After defining the objects for comparison as comparates, Galton. continues
"The comparate is limited to the portion under comparison, the two comparates are supposed to be reduced to similar scales, to be mounted, side by side on the same moveable screen squarely to the line of sight, and to be viewed in a good light through a perfectly transparent atmosphere."
Now in order to conduct the experiments successfully the experimenter requires to have the power of adapting the focus of his eye sharply to the various distances of the screen or to use an optical contrivance to supply this faculty if he should be deficient in it--at the time of writing this paper Galton was 84 years old, and the following words are very characteristic and indicate at least the nature of one of his `toys,' which I had puzzled over:
"The range of adaptability of my own eye, as in that of most elderly persons, has become very narrow, and during a long time was the cause of serious embarrassment in my various experiments on Resemblance. But all this difficulty was happily removed by a small inverting telescope of very low power,, that I made abroad in a very makeshift way, out of two small magnifying glasses that I had by me, with pasted paper tubes and corks. It acted so well that I was loath to replace it by a better. Its field of view was ample and enabled me to focus my eye sharply on 'comparates' at any distance from a few inches upwards.

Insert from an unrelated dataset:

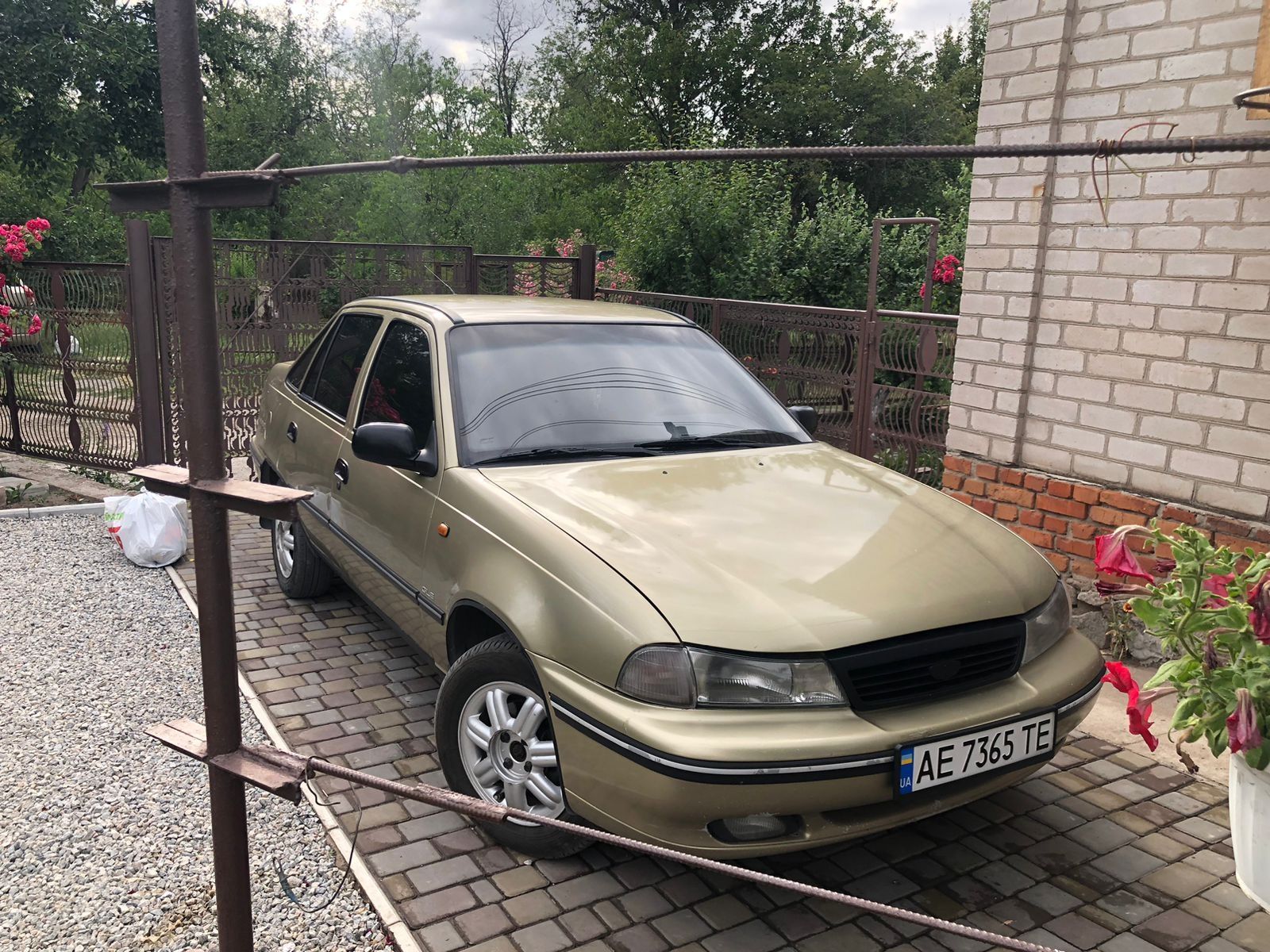 Продам део нексия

I will call telescopes that neither magnify nor minify by the name of Isoscopes; their use is simply to secure a sharp focus for the eye at any distance. Two convex lenses of 2 inches focal length seem to be on the whole most suitable for an isoscope. The tubes must admit of a wide range of adjustment. Either lens may serve as the eye-piece, but when used as such it should be covered by a cap with an eyehole. Distances must be measured from the object-glass. An isoscope should be fitted with two eye-pieces one of them furnished with a micrometer of crossed lines [i.e. an areal micrometer]. If the eye-piece be of 2 inches focus, and the distances between the lines one 50th of an inch, the intervals between them will subtend 1 sol and each small square will subtend one square-sol."

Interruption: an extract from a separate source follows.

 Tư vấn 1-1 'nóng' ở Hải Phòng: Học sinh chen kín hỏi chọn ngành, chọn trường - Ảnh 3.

Galton proposes to take as his index of mistakability the number of square sols covered by either comparate when they are at the `critical distance,' and the corresponding angle is the critical angle. The measure of Resemblance between two comparates, he says, is the angular area of either of them at the critical distance when the comparates as a whole are mutually mistakable. The angular area as a whole is proportional to the number of just-distinguishable plots (i.e. for the normal eye plots of about 1 minute diameter) which they contain, the possibility of mistaking one comparate for another being due to apparent identity in every one of the just-distinguishable plots. The more numerous the plots, the more-minute is the coincidence, and consequently the closer the resemblance. It will be seen that the entire difference between this earlier and the later paper of Galton is the measurement by a solid instead of a plane angle.